The fundamental gap between roadside gadgets and forensic science
Portable Breath Tests are preliminary investigative tools rather than evidentiary proof. Unlike the heavy Intoxilyzer units found in police stations, handheld PBTs lack fuel cell stability and internal temperature regulation, making them prone to false positives from mouth alcohol. Courts treat them as probable cause indicators, not conviction evidence. Case data from the field indicates that the margin of error on a handheld device can be as high as twenty percent depending on the ambient air temperature and the last time the unit was calibrated by a technician. When you search for a dui lawyer, you are looking for someone who understands that these devices are essentially sophisticated toys compared to the gas chromatography used in blood draws. The officer wants you to think the PBT is the final word. It is actually just the beginning of their narrative, a narrative that often falls apart under the weight of a well drafted motion to suppress.
“The reliability of breath testing is predicated on the strict adherence to scientific protocols.” – American Bar Association Standard
Statutory loopholes that shield you from handheld data
The legal framework in most jurisdictions specifically excludes the numerical value of a PBT from being introduced at trial for the purpose of proving intoxication.
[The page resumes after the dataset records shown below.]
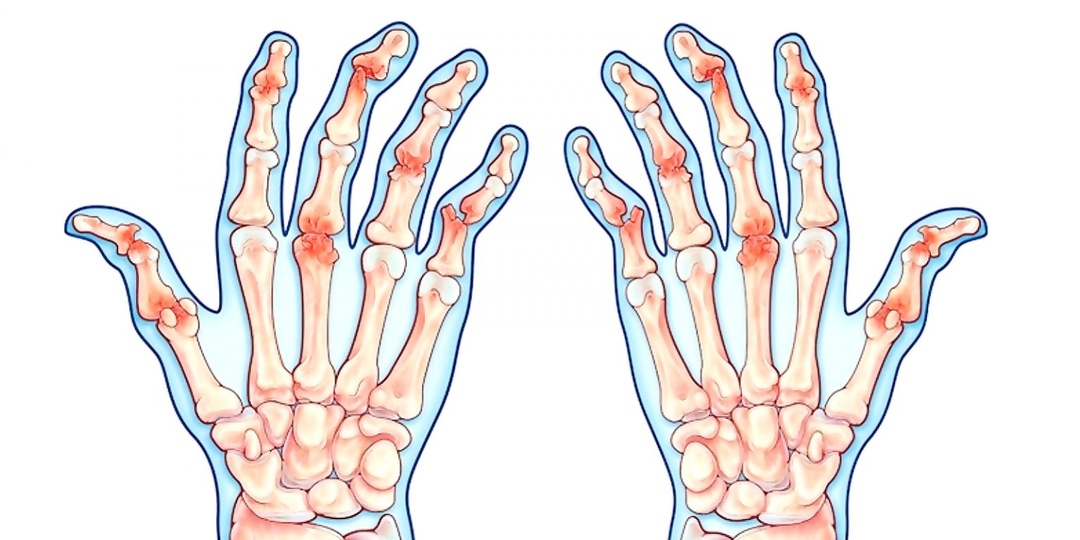 Псориаз и суставы — признаки псориатического артрита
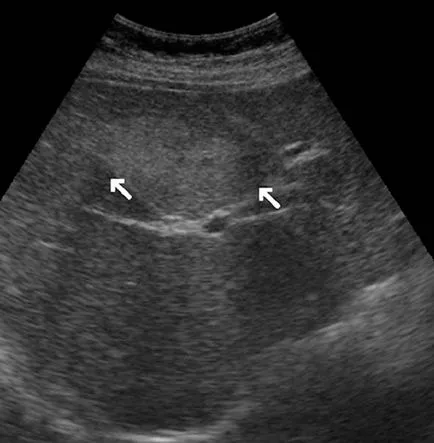 Diagnózis óriás üreges hemangioma a májban egy klinikai eset - mintegy kurzantseva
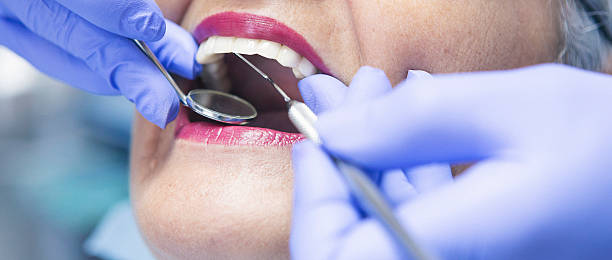 Best Emergency Gum Treatment in St Hedwig, TX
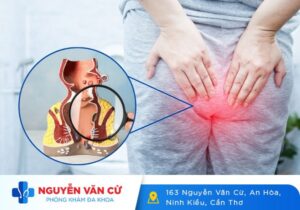 Bệnh Trĩ Nội Là Gì? Triệu Chứng Và Cách Chữa Trị Bệnh Trĩ
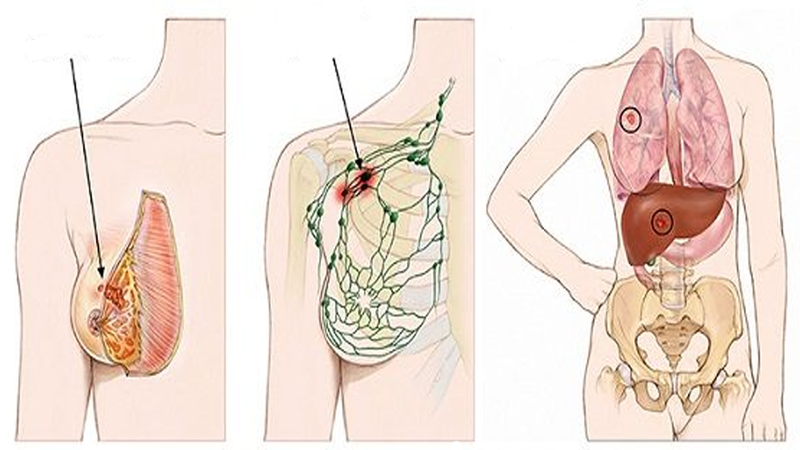 Ung thư vú lây lan di căn phổi
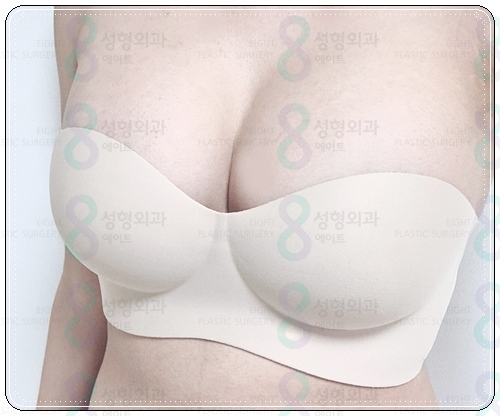 If You're Looking Into Breast Augmentation Cost Reviews, Be Sure to Read This image 3
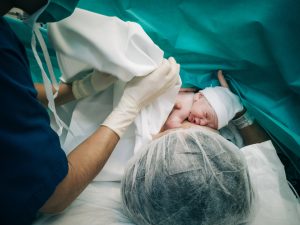 il parto cesareo è più sicuro di quello naturale?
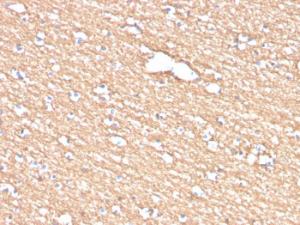 Immunohistochemical analysis of formalin-fixed, paraffin-embedded human brain using Anti-Myelin PLP Antibody [PLP1/4259]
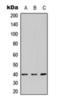 Arginine Vasopressin Receptor 2 antibody, orb393221, Biorbyt, Western Blot image 
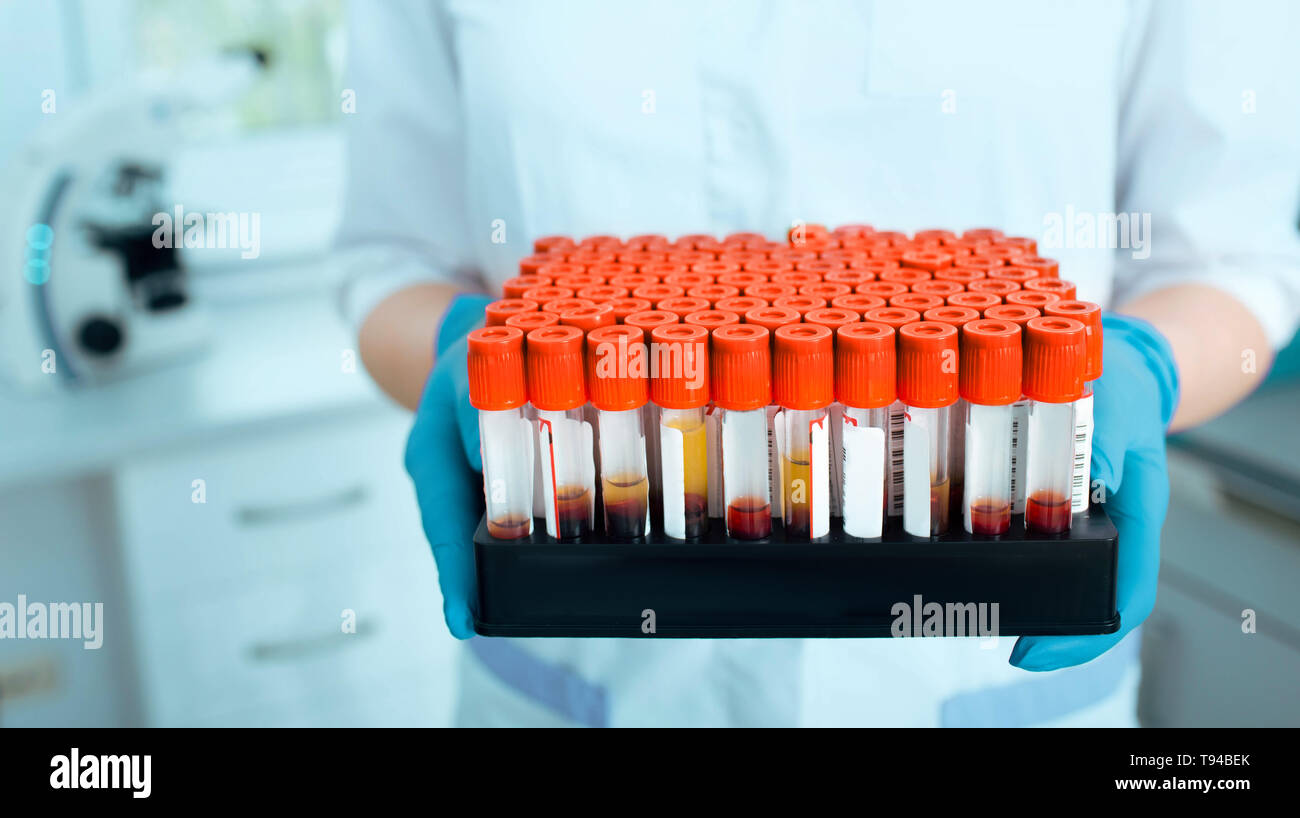 Laboratory scientist holding blood samples in a test tube rack. Blood research Stock Photo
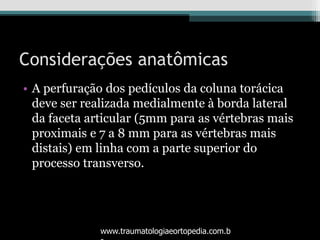 Considerações anatômicas
• A perfuração dos pedículos da coluna torácica
deve ser realizada medialmente à borda lateral
da faceta articular (5mm para as vértebras mais
proximais e 7 a 8 mm para as vértebras mais
distais) em linha com a parte superior do
processo transverso.
www.traumatologiaeortopedia.com.b
 
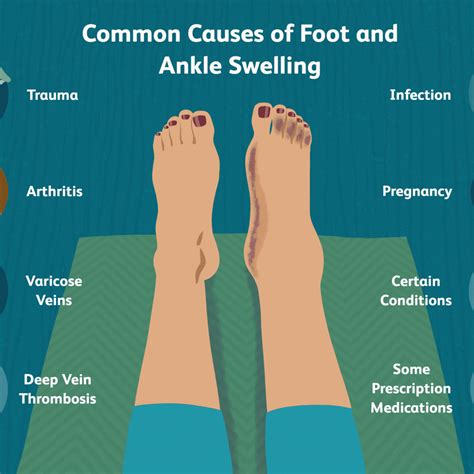 Exercises For Swollen Feet Home Guide Guru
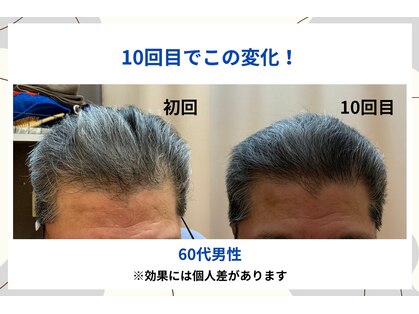 福山発毛センターの写真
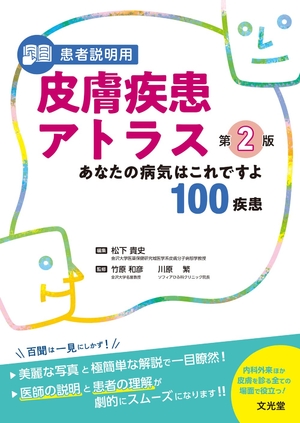 (中古品) 患者【商品説明】用 皮膚疾患アトラス 第2版: あなたの病気はこれですよ100疾患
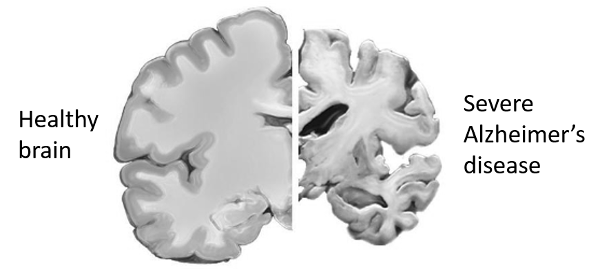 alzheimers brain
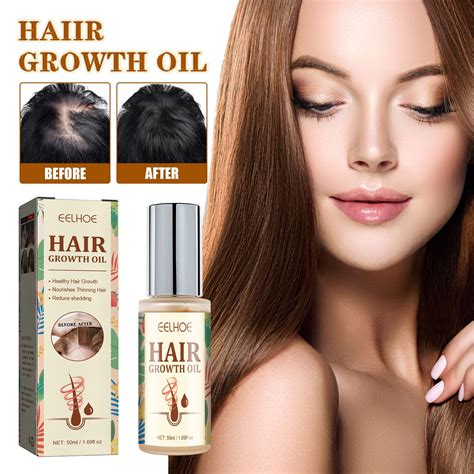 Wuxichen Biotin And Castor Oil And Oil For Hair Growth For Women Hair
Procedural mapping reveals that the prosecution can usually only mention the test existed to justify the arrest itself. The actual digits are barred. This is where dui legal strategy becomes a game of chess. If the officer testifies that you failed the test but cannot state the number, the jury is left with a vague impression. A skilled dui defense involves pinning the officer down on the specific administrative rules they ignored. Did they observe you for twenty minutes before the blow? Probably not. They were too busy searching your trunk or checking your license. Every second they were not looking at your mouth is a second where a burp or a hiccup could have contaminated the sample with concentrated ethanol vapor from your stomach.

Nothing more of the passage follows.